En 1870 son régiment sert au 6e corps d'armée. A Rezonville, le matin, ses officiers l'entendent dire : "Ce canon me reveille et me ragaillardit, je ne l'ai pas entendu depuis Puébla". Le régiment prend à 9h45 les positions de retraite du 2e CA sur la ferme de Flavigny. Le rapport du colonel de geslin signale :  "Dans Flavigny nous fumes ecrasés, les murs croulaients, la toiture de la ferme s'affaissa et tout fut en feu. Nous y times jusqu'à 11h." Lors de la retraite, le bataillon Horcat est séparé du régiment. Horcat raconte dans son rapport : "Après l'évacuation de la ferme de Flavigny, j'ai ramené mon bataillon sur la pente occidentale du plateau de Woevres, en arrière des batteries qui couronnaient la crête de cette position, conformément aux ordres qui me furent donnés par le général Bisson qui me prescrivit, une heure après, de me reporter en avant, sur l'alignement même des batteries, pour riposter par un feu très vif à la fusillade engagée par les troupes prusiennes placées à 800 metres du village de Rezonville, à cheval sur la route de Mars la Tour. ce feu ayant produit un résultat satisfaisant et après épuisement complet des cartouches, je reportai mon bataillon en arrière pour le défiler et l'abriter en mettant à profit la déclivité très prononcée de la pente du plateau. Je le maintins dans cette situation, immobile et couché, jusqu'à une heure du soir, moment auquel se produisit un certain mouvement résultant de l'irruption subite d'un escadron du 3e hussards prussien qui fut refoulé par plusieurs groupes formés en cercle autour de leurs officiers, et rejeté sur un régiment de voltigeurs de la garde, placé à notre gauche et qui le détruisit presque entièrement". Durant la journée le régiment perd 24 officiers et 140 hommes. 
Le jour de Saint Privat, le régiment est détaché vers Saint Marie aux Chênes, en avant de la ligne de défense principale du corps d'armée. Horcat commande trois compagnies du 1er bataillon en réserve. Le régiment est attaqué par une division de la garde prusienne. Après avoir repoussé un bataillon, il est ecrasé une nouvelle fois par l'artillerie et doit reculer vers Saint Privat.
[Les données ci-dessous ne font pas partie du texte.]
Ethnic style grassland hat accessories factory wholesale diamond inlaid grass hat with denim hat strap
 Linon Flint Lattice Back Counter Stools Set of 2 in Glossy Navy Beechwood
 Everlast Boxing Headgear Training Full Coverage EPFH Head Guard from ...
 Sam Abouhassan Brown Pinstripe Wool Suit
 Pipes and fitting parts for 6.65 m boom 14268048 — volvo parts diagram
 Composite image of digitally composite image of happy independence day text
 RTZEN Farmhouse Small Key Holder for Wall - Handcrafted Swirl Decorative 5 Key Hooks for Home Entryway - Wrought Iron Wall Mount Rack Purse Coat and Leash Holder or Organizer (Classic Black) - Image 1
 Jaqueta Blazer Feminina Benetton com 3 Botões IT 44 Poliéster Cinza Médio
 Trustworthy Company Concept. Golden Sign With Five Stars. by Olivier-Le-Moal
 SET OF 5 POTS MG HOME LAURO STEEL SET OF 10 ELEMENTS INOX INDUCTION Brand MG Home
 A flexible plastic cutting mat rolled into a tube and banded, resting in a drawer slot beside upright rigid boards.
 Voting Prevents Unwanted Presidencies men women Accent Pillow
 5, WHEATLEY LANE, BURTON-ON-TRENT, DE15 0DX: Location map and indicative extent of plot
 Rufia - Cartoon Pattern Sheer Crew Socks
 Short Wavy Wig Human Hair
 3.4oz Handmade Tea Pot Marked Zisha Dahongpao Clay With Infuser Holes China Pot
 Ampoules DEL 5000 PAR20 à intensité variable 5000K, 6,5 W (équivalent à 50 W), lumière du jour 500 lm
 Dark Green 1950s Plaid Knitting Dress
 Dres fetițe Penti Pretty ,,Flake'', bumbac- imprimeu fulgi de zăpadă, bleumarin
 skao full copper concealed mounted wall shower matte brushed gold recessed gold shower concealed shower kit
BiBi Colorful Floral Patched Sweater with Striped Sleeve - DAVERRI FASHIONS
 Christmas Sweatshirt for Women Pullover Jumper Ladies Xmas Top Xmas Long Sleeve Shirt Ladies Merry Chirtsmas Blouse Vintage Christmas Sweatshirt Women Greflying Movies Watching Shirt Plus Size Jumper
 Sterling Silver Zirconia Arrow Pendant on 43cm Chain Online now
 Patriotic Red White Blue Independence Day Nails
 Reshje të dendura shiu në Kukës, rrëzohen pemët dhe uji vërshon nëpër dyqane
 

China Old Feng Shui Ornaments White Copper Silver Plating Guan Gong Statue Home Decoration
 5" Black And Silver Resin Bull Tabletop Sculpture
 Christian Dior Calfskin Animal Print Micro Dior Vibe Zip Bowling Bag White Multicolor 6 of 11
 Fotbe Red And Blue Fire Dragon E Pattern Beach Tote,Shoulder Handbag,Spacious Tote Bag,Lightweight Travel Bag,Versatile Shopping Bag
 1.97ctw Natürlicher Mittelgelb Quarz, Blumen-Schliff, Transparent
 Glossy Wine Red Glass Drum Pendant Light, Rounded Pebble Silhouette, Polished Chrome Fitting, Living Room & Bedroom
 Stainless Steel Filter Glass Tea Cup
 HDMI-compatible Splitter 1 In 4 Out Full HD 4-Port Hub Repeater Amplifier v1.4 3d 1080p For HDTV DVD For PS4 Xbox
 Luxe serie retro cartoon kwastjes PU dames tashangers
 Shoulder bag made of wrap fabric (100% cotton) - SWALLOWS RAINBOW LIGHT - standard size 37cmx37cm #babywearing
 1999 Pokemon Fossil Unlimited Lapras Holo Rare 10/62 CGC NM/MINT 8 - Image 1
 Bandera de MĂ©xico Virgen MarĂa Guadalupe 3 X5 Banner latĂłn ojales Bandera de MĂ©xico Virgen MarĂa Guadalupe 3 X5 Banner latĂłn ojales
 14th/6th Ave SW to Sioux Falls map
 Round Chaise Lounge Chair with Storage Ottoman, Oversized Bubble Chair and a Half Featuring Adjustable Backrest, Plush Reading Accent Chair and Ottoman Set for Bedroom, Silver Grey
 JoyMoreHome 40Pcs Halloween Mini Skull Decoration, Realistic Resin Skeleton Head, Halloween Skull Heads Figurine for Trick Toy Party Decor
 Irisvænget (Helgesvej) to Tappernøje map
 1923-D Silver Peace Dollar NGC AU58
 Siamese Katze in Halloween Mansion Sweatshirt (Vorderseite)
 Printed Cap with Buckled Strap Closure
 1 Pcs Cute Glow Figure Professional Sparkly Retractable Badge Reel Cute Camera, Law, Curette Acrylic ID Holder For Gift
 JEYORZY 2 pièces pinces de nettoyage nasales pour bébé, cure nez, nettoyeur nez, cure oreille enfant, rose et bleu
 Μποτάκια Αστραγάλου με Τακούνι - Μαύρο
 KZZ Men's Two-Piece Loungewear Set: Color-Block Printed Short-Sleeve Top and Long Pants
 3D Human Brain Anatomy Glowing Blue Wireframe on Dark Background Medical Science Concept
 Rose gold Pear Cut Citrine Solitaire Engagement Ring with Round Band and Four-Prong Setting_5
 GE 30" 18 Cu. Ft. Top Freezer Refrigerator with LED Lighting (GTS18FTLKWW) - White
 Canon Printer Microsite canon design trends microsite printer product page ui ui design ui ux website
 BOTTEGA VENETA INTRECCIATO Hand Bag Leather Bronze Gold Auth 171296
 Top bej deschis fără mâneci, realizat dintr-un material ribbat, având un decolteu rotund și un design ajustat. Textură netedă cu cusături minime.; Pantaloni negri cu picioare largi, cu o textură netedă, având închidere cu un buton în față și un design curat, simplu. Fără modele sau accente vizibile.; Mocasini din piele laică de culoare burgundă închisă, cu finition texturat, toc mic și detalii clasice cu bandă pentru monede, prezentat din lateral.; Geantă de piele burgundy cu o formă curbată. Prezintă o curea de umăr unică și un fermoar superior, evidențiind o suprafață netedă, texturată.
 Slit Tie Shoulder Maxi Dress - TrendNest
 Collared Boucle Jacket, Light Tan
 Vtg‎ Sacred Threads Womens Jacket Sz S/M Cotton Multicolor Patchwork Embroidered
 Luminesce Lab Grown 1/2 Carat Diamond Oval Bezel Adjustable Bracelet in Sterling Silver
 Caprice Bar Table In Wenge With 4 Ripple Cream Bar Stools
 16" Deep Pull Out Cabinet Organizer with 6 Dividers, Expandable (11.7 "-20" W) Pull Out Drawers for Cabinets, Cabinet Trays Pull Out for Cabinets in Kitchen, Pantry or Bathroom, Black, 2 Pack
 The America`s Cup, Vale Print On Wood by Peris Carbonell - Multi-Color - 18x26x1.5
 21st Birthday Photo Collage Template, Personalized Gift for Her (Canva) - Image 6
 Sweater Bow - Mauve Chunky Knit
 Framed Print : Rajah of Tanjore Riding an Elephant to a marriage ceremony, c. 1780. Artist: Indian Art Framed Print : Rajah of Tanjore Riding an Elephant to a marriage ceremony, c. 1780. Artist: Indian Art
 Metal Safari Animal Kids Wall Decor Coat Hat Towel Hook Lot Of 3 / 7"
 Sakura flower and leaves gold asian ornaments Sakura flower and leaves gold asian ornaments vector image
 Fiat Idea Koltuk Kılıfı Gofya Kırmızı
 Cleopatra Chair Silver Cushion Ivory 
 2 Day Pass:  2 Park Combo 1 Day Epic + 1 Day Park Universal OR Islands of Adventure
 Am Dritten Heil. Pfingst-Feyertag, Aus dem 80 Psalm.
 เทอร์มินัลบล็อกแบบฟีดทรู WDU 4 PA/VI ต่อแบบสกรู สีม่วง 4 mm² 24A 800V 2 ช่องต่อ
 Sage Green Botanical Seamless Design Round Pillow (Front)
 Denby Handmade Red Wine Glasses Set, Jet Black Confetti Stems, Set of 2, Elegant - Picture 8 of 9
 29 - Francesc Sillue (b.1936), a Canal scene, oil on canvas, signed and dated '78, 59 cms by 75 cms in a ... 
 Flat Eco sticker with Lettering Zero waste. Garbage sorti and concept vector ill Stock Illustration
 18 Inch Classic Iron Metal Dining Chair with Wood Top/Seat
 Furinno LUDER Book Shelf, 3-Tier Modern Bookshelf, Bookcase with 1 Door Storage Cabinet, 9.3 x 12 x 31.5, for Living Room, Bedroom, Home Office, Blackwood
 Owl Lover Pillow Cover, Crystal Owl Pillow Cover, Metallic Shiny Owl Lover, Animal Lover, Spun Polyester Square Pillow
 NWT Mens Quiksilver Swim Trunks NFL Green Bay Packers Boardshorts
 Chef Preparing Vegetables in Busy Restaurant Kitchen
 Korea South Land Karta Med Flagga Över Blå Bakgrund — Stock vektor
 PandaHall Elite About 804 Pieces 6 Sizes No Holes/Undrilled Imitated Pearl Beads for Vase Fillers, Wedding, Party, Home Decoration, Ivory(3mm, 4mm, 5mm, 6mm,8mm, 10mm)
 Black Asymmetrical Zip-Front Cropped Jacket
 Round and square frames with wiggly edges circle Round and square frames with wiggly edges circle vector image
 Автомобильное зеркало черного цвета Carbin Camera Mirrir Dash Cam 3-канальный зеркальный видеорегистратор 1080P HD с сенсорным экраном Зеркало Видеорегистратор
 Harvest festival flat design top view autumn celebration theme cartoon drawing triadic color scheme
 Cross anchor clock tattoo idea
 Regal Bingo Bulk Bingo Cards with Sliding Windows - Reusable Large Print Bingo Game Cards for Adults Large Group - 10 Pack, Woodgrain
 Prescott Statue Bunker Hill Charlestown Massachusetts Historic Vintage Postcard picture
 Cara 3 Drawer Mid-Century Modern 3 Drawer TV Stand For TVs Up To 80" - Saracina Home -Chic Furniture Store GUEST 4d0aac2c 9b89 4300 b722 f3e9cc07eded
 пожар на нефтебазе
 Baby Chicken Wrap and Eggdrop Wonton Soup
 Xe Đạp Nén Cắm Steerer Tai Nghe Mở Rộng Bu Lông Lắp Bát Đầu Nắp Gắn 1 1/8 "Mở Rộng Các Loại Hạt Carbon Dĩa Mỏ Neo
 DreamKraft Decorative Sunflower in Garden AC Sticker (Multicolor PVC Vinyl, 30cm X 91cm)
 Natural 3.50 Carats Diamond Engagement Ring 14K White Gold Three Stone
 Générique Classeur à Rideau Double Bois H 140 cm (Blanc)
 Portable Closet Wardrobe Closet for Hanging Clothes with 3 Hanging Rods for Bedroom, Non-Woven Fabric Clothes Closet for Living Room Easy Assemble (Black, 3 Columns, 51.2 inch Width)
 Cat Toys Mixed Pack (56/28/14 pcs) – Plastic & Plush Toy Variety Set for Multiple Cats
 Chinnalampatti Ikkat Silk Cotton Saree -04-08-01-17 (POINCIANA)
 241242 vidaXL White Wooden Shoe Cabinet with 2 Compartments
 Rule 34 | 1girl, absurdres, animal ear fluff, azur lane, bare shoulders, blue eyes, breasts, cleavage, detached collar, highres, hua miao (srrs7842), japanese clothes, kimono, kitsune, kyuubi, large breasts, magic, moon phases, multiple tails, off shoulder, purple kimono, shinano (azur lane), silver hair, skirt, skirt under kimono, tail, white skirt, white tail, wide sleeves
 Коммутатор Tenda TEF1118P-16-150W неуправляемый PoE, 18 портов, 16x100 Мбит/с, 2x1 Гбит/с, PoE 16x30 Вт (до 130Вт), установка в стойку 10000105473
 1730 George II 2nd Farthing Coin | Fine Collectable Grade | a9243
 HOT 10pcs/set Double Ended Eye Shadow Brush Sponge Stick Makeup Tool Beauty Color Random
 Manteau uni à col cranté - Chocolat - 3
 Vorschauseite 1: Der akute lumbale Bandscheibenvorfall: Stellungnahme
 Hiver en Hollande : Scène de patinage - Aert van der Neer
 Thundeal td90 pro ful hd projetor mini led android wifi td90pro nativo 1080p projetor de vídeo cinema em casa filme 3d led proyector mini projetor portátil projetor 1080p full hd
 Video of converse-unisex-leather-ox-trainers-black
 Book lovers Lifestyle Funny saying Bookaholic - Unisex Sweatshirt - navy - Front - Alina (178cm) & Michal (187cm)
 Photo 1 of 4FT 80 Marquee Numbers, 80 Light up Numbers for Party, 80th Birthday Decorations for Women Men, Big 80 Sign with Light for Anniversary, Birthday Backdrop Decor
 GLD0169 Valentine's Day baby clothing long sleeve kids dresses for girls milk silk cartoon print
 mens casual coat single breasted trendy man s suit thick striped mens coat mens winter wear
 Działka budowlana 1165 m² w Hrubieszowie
Pour sa conduite ces deux journées, Horcat est promu Lieutenant Colonel au 9e RI le 30/8/1870. Il capitule à Metz.

Après la guerre, il est promu Colonel du 63e RI le 29/12/1874. Le 14/7/1880, il participe à la cérémonie de remise des drapeaux à Longchamp. Peu de temps après la cérémonie, il est nommé Commandeur de la Légion d'Honneur.